* _What the task requires_
Each entry below must be given again word for word, with no pictures.

* _Dataset records_
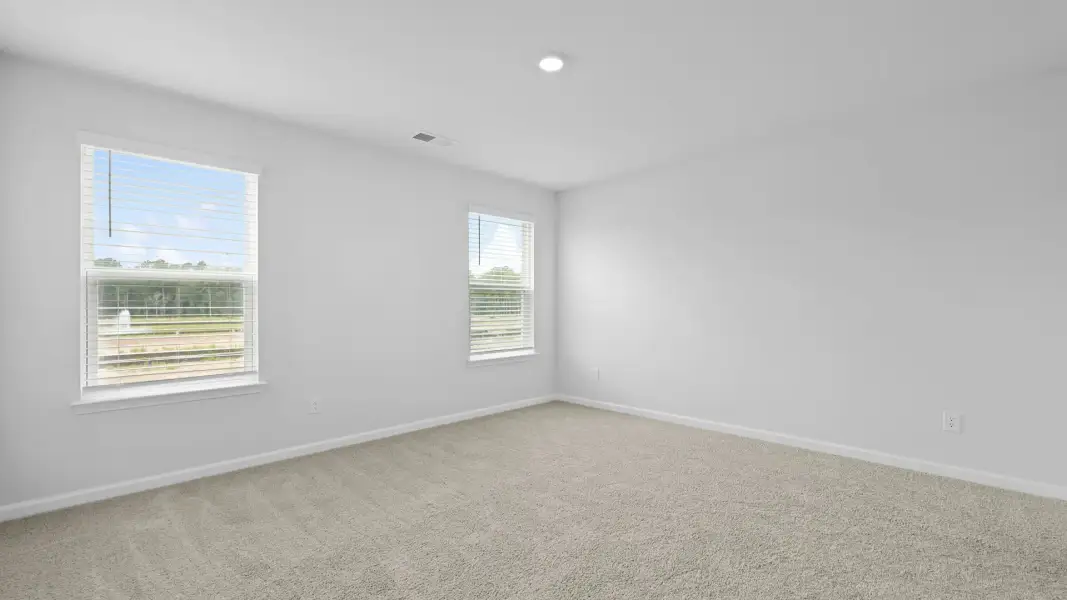 Spacious, unfurnished interior of a new home in Pine Hills Townhomes at Cane Bay, Summerville (Image 27). Spacious, unfurnished interior of a new home in Pine Hills Townhomes at Cane Bay, Summerville (Image 27).
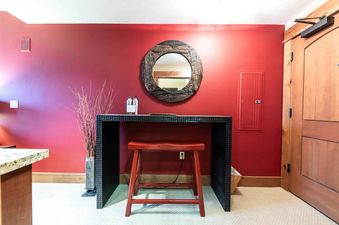 A black vanity table with a red stool in front of it, in front of a red wall with a wooden oval mirror.
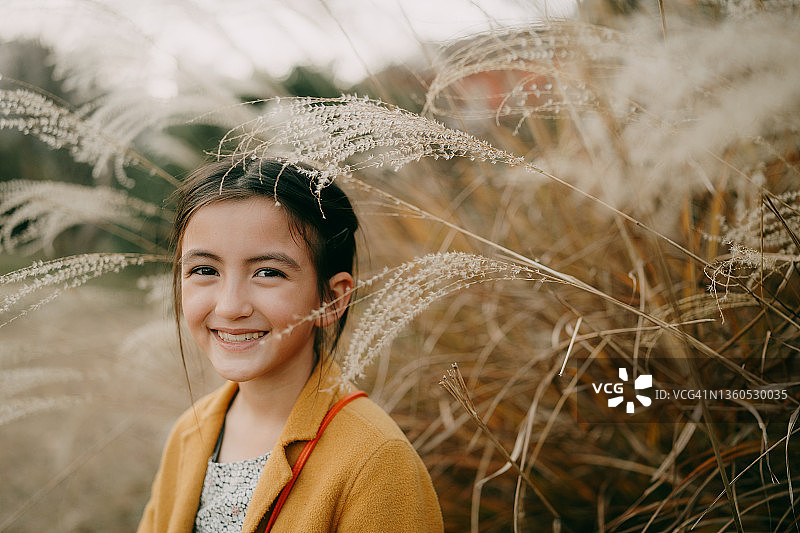 在东京秋季的芒草丛中的可爱年轻女孩图片素材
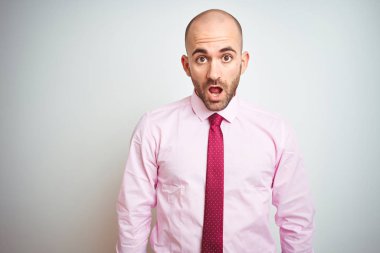 Izole arka plan üzerinde pembe kravat giyen genç iş adamı korkmuş ve sürpriz ifade, korku ve heyecanlı yüz ile şok.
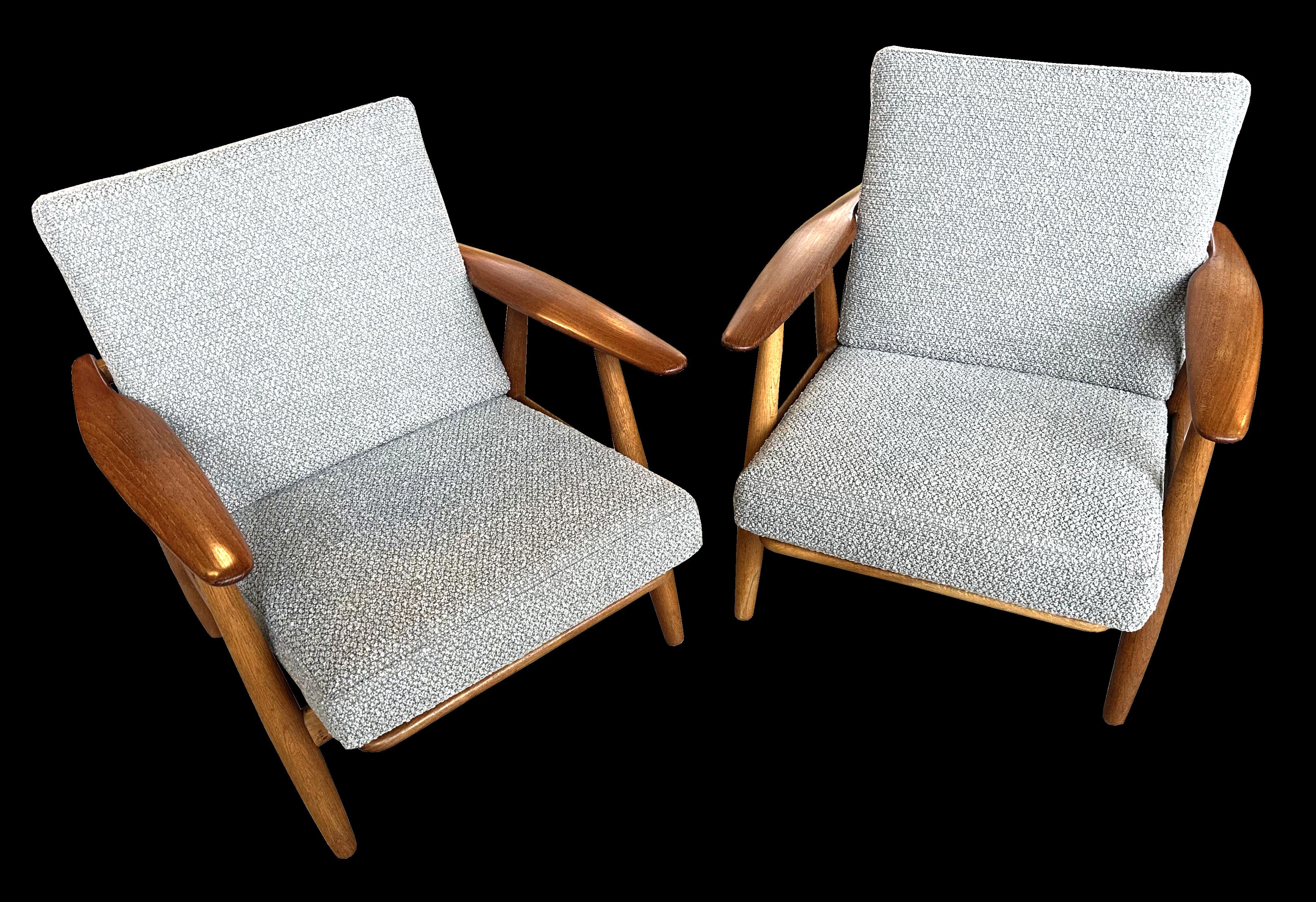 These are a particularly good original pair of Wegner Cigar chairs, all original apart from the covers on the cushions, which retain the original interiors, so feel as they should to sit in, with grey Boucle fabric covers.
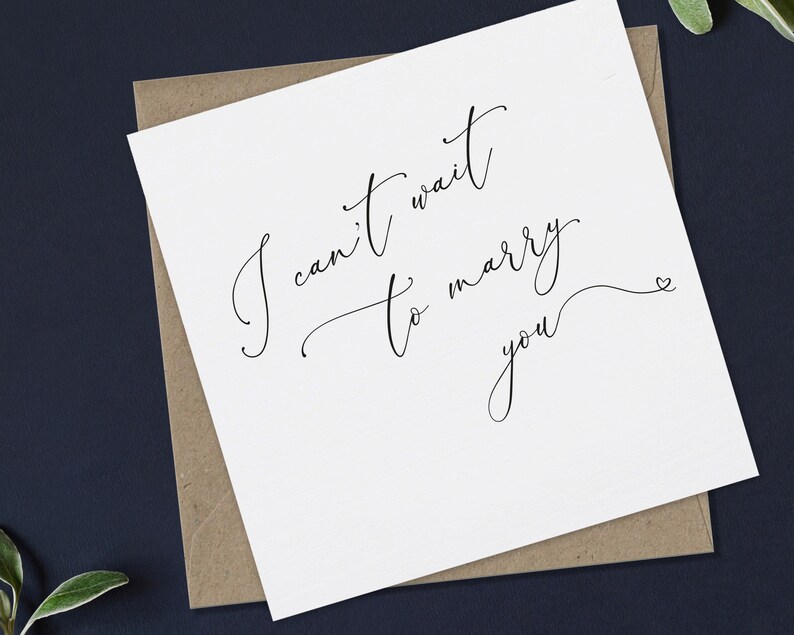 May include: A white card with black calligraphy that reads "I can't wait to marry you" with a small heart symbol at the end.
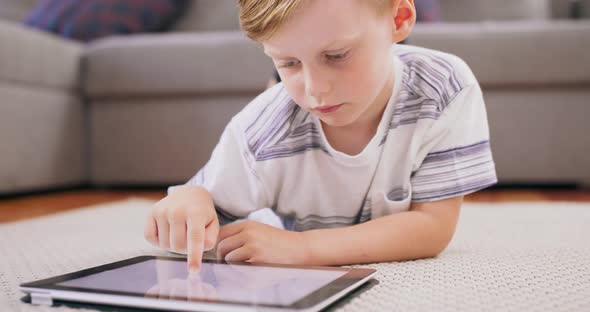 Little Boy at Expressive Face Using a Digital Tablet on the Floor Boy Playing with Digital Tablet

* _Solution to this problem_
 Spacious, unfurnished interior of a new home in Pine Hills Townhomes at Cane Bay, Summerville (Image 27). Spacious, unfurnished interior of a new home in Pine Hills Townhomes at Cane Bay, Summerville (Image 27).
 A black vanity table with a red stool in front of it, in front of a red wall with a wooden oval mirror.
 在东京秋季的芒草丛中的可爱年轻女孩图片素材
 Izole arka plan üzerinde pembe kravat giyen genç iş adamı korkmuş ve sürpriz ifade, korku ve heyecanlı yüz ile şok.
 These are a particularly good original pair of Wegner Cigar chairs, all original apart from the covers on the cushions, which retain the original interiors, so feel as they should to sit in, with grey Boucle fabric covers.
 May include: A white card with black calligraphy that reads "I can't wait to marry you" with a small heart symbol at the end.
 Little Boy at Expressive Face Using a Digital Tablet on the Floor Boy Playing with Digital Tablet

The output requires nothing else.